The copy must run from the line containing "Gothic Black Duvet" through the final line of the records, both included, exactly as written. It should contain no pictures.

-- Provided data follows --

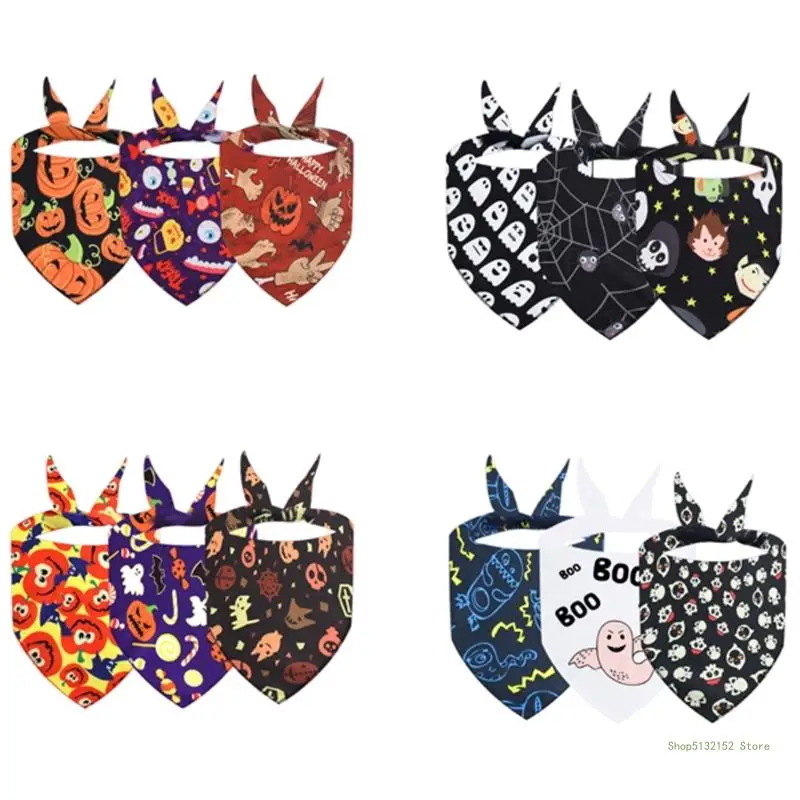 QX2E 3pack Halloweens Pet Bandanas Triangles Dog Scarf Washable Pet Neckerchief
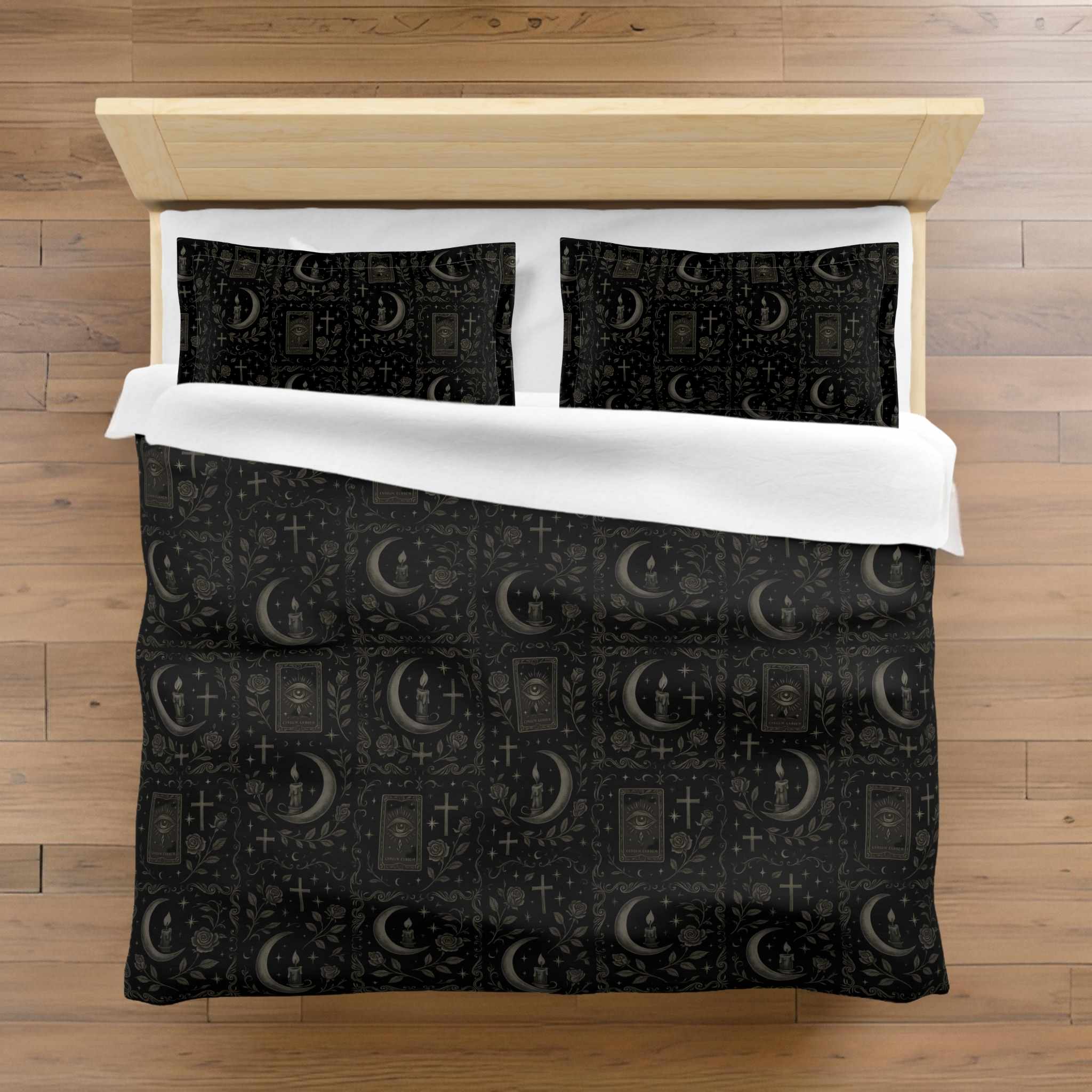 Gothic Black Duvet Cover – Sacred Pattern Bedding | Hexhaven
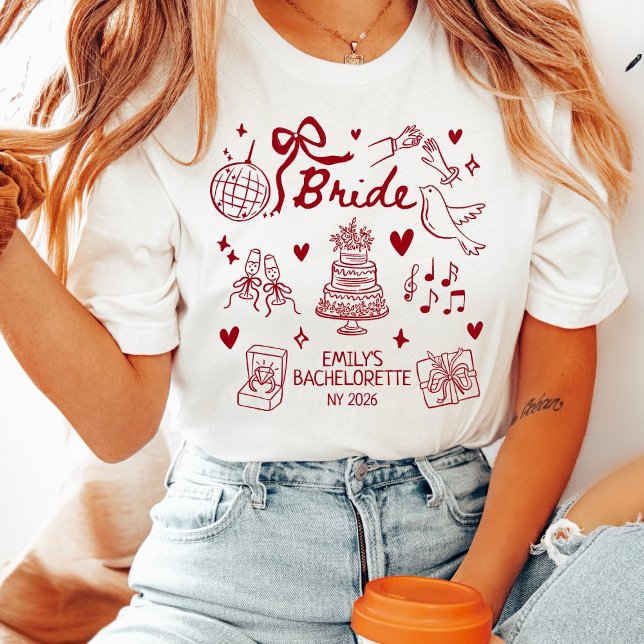 Custom Bride Coquette Red Bow Bachelorette Party Tri-Blend Shirt (Von Creator hochgeladen)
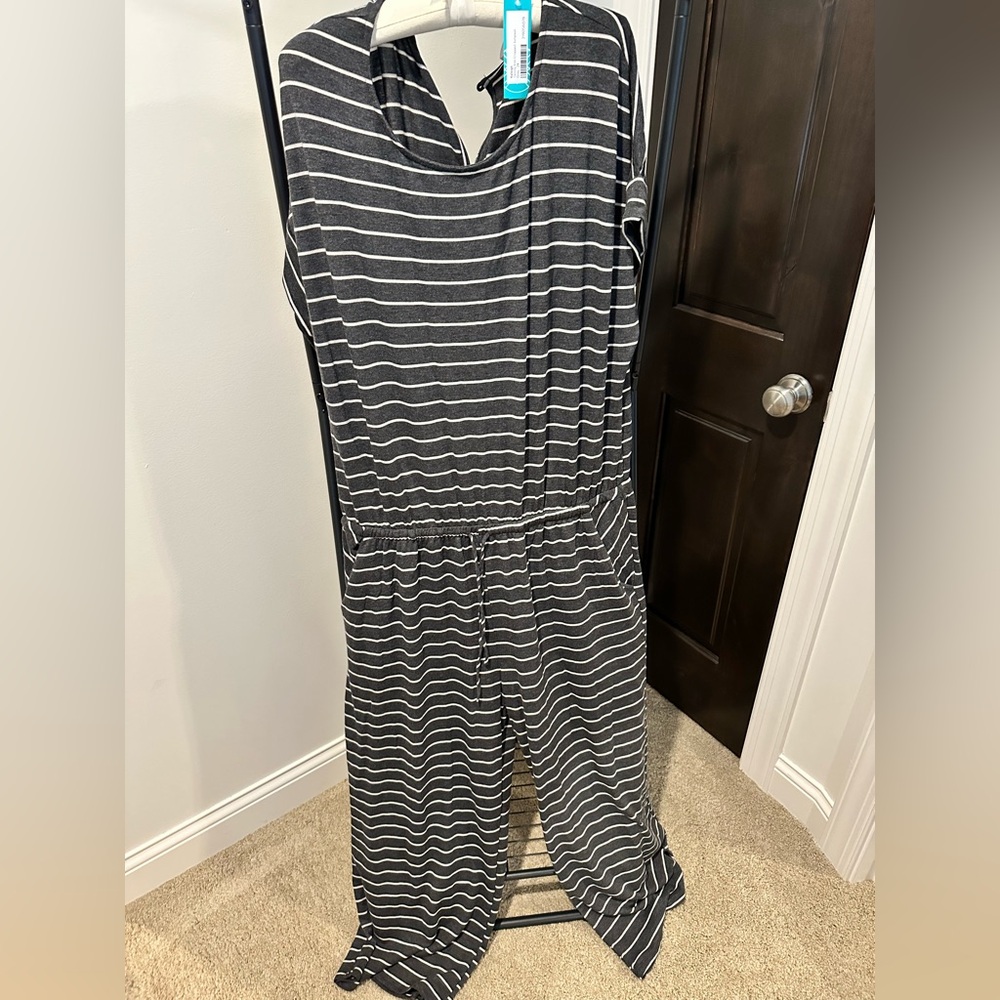 Kaileigh Charcoal Knit Jumpsuit cropped Tammy
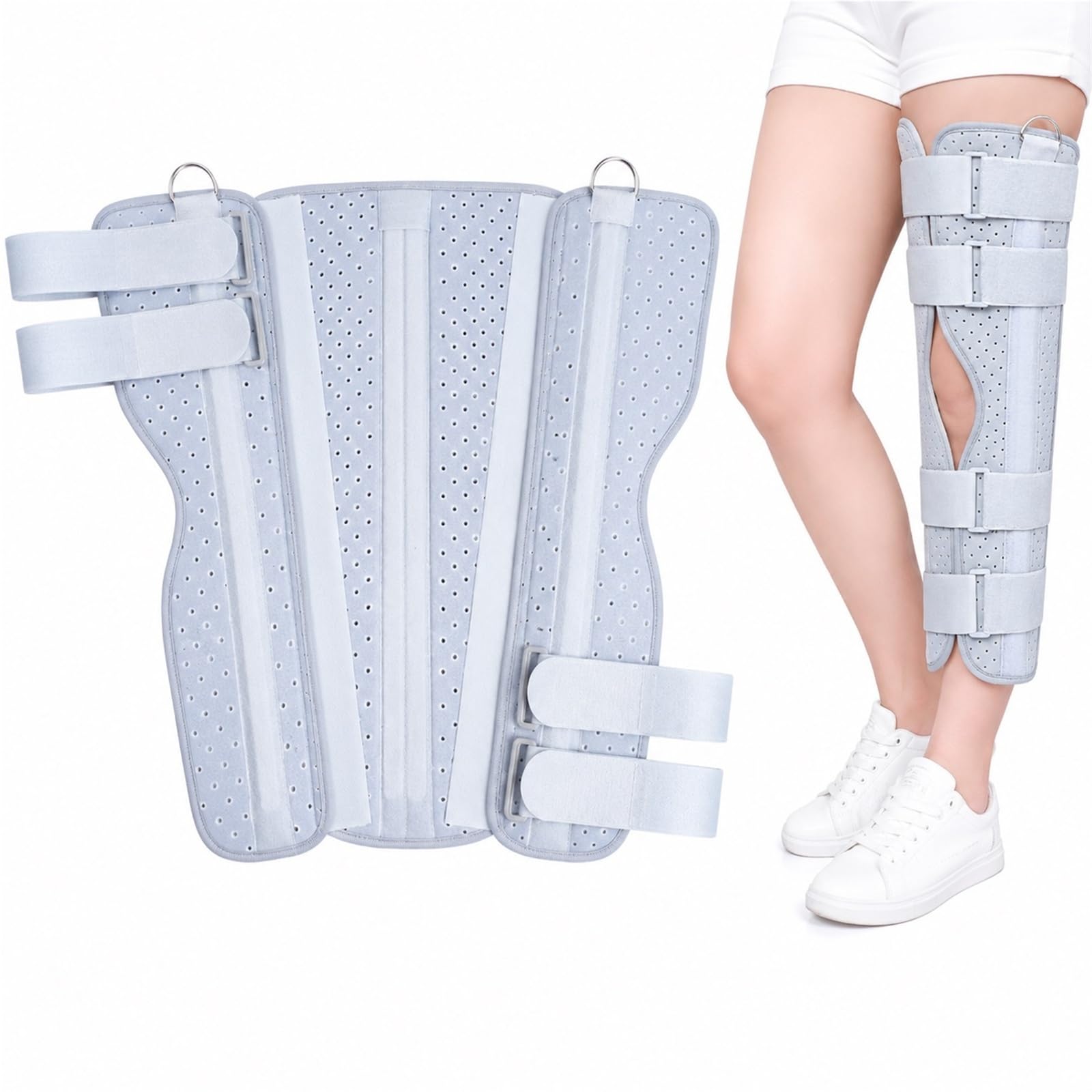 Tutore Ginocchio Immobilizzatore Uomo Donna - Supporto Regolabile per Recupero Post Operatorio Fratture Menisco ACL MCL Artrite - Stabilizzatore Gamba Rigido Leggero(L)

-- Provided data concluded --

- Written reply
 Gothic Black Duvet Cover – Sacred Pattern Bedding | Hexhaven
 Custom Bride Coquette Red Bow Bachelorette Party Tri-Blend Shirt (Von Creator hochgeladen)
 Kaileigh Charcoal Knit Jumpsuit cropped Tammy
 Tutore Ginocchio Immobilizzatore Uomo Donna - Supporto Regolabile per Recupero Post Operatorio Fratture Menisco ACL MCL Artrite - Stabilizzatore Gamba Rigido Leggero(L)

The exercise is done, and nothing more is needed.